Experiences and recollections from the 2024 Wilderness Retreat

from Andy Mills

Towards the end of last September, Junior Zen teacher Penny Clay and Daizan led a three-day retreat based in the Scottish Highlands. The retreat was a combination of traditional Zen practices with mountain walking. Andy Mills was one of the Zen practitioners who took part in this event and he kindly took some time to answer a few questions about the retreat.

How would you describe the wilderness retreat?

This was an incredible experience with a lovely group of people. We were in an area between Glen Coe and Ben Nevis in the Scottish Highlands. I had already spent a couple of days solo hiking in Glen Coe after getting some recommendations from our guide and Zenways teacher, Penny. The landscape is breath-taking, eye-popping and jaw-dropping. All six senses were very active!

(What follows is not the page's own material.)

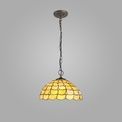 Camillie 3 Light Downlighter Pendant E27 With 40cm Tiffany Shade, Beige/Clear Crystal/Aged Antique Brass additional 1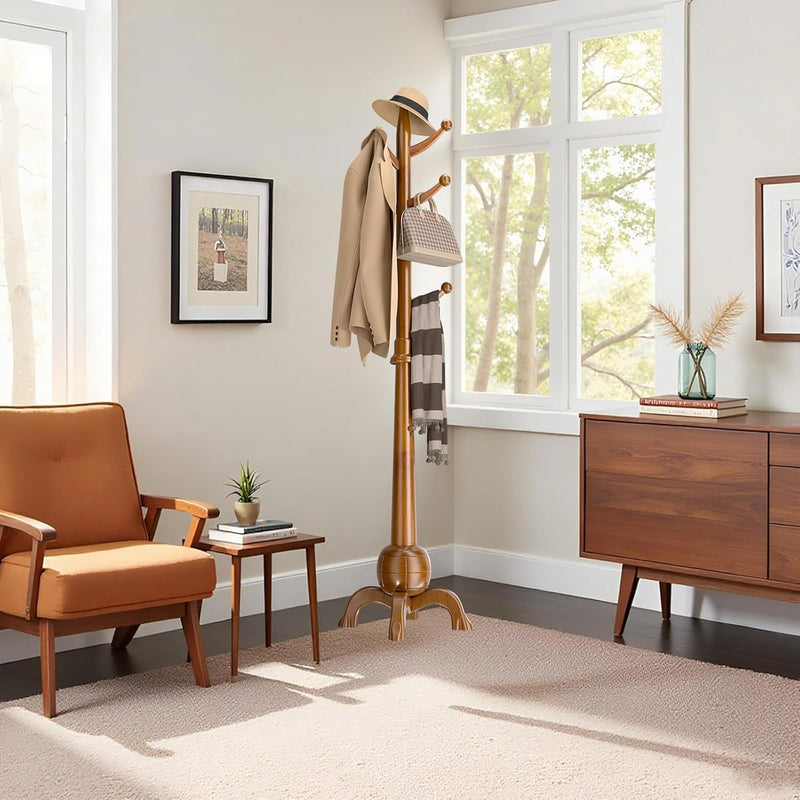 Wooden Coat Rack Stand with 8 Hooks Free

Our Zen Yoga helps us focus on mindfulness of sensations or, mindfulness of aliveness as Daizan refers to it. During my time in the Highlands, and on retreat, I often felt a very vivid sense of aliveness. Both walking solo and with our mountain sangha. A beautiful sense of belonging. Just being. Smiling.

We heard that it was very wet. What was the most insightful finding during the challenges of the retreat?

The great Sir Billy Connolly said, “In Scotland, there is no such thing as bad weather – only the wrong clothes”. Penny is as wise (and funny) as Sir Bill and gives you all the kit preparation advice. Take heed!

It is also said, “If you don’t like the weather in Scotland, just wait 30 minutes!”. This is generally true, but we had some ‘pretty bad’ weather on this adventure, and it followed a summer of much higher rain than normal. This meant that there were difficult conditions underfoot – picking our way through slow going, boggy ground, treading carefully on wet rock, and some wading through burns due to high water levels.  We all slipped and fell but our mountain sangha looked out for each other.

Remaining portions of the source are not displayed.